This is not to say that when the candidate goes off the deep end the moderator shouldn't bring a little order to the proceedings. However, what they really want to do is control everything and get a good headline. Screw 'em.
As for the Drivers License issue... if the Feds don't enforce immigration laws, I think it is absurd for the citizenship to have a hissy-fit when the local/state governments try to bring some sort of out-of-the-shadows ID plan to the table. The "local" ID given an illegal alien would not be a "legal" ID. It would be, in effect, a THIS-GUY-PASSED-THE-DRIVING-LICENSE-TEST card and it would REGISTER THEM in the system for all sorts of other police purposes. The idea that people would cross the border to get a DL, as argued by, was it Chris Dodd, is moronic. Nor is such a card acknowledgement of any legal rights on their part. And there is nothing liberal/conservative about it. For instance, the most right-wing state in the Union, Utah, already has such a program and it's working well. It's a good idea in lieu of the Feds (say "George Bush") failing to enforce the borders. But, people so prefer the hysterical over the rational. The moderators know that and they want that "Gotcha" answer because they want to force the candidates into saying something that will cause a clamor. Thus, we have the Yes/No "Gotcha" question posted by Mr. Blitzer. It's disgusting. You see, the debates are opportunities to learn WHY a candidate holds a certain view. Such a teaching experience is why these debates could be useful. Now, the audience (home or auditorium) may or may not agree with the candidate, but they still might learn how the candidate thinks. Everything is not black and white and I'd prefer a candidate who THINKS than one I always agree with.
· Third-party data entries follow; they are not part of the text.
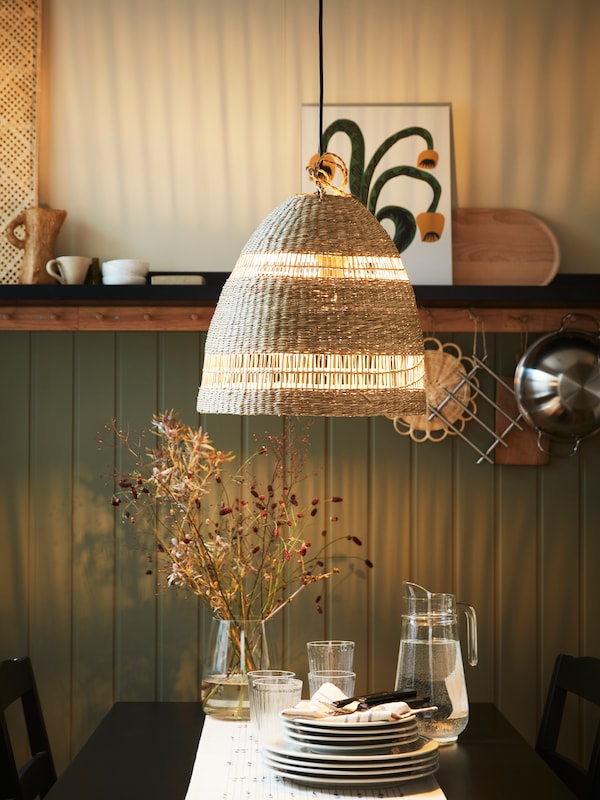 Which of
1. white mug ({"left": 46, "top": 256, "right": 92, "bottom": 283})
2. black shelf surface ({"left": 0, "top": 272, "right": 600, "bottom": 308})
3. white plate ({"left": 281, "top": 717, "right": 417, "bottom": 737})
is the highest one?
white mug ({"left": 46, "top": 256, "right": 92, "bottom": 283})

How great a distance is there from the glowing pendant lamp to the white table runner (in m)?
0.62

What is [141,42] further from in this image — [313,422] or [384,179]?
[313,422]

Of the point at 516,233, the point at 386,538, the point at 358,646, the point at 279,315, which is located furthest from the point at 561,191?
the point at 279,315

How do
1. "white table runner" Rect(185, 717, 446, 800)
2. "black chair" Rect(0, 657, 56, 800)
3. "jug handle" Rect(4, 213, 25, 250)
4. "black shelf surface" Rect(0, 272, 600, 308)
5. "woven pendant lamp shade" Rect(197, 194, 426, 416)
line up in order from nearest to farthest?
"woven pendant lamp shade" Rect(197, 194, 426, 416) < "white table runner" Rect(185, 717, 446, 800) < "black chair" Rect(0, 657, 56, 800) < "black shelf surface" Rect(0, 272, 600, 308) < "jug handle" Rect(4, 213, 25, 250)

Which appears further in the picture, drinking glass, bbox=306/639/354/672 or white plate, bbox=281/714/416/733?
drinking glass, bbox=306/639/354/672

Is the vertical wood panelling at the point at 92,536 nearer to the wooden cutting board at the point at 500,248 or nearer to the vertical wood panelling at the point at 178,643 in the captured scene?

Posted by: rwb-wp | November 16, 2007 2:44 PM | Report abuse

Some musings after last night's debate:
Biden-President
Obama-VP
Clinton-Senate Majority Leader

Treasury-Bloomberg
State-Lugar
Defense-Hagel

Posted by: rdklingus | November 16, 2007 2:32 PM | Report abuse

The current debate format is a farce, which is why I don't watch any of them. Why line up all the candidates on a stage and then ask only two or three of them 95% of the insipid questions. I already know how Clinton, Obama, and Edwards are going to respond to questions because I read the news everyday and see their names splashed across the headlines. I want to to be able to hear the views of the other candidates as well. How can a listener make an informed decision on a candidate they may decide to vote for if the debate format is biased towards only two or three candidates. And don't even get me started on the asking of insipid questions. The debates will serve no real purpose until EVERY candidate gets a chance to respond to the questions asked. As a thinking member of the voting electorate I am sick and tired of commercial broadcasters deciding which candidate is "worthy" of being asked questions. Don't think for me, I can think for myself! GIVE ME THE OPPORTUNITY to make up my own mind after hearing the responses from ALL of them. I better quit now before I really start getting mad!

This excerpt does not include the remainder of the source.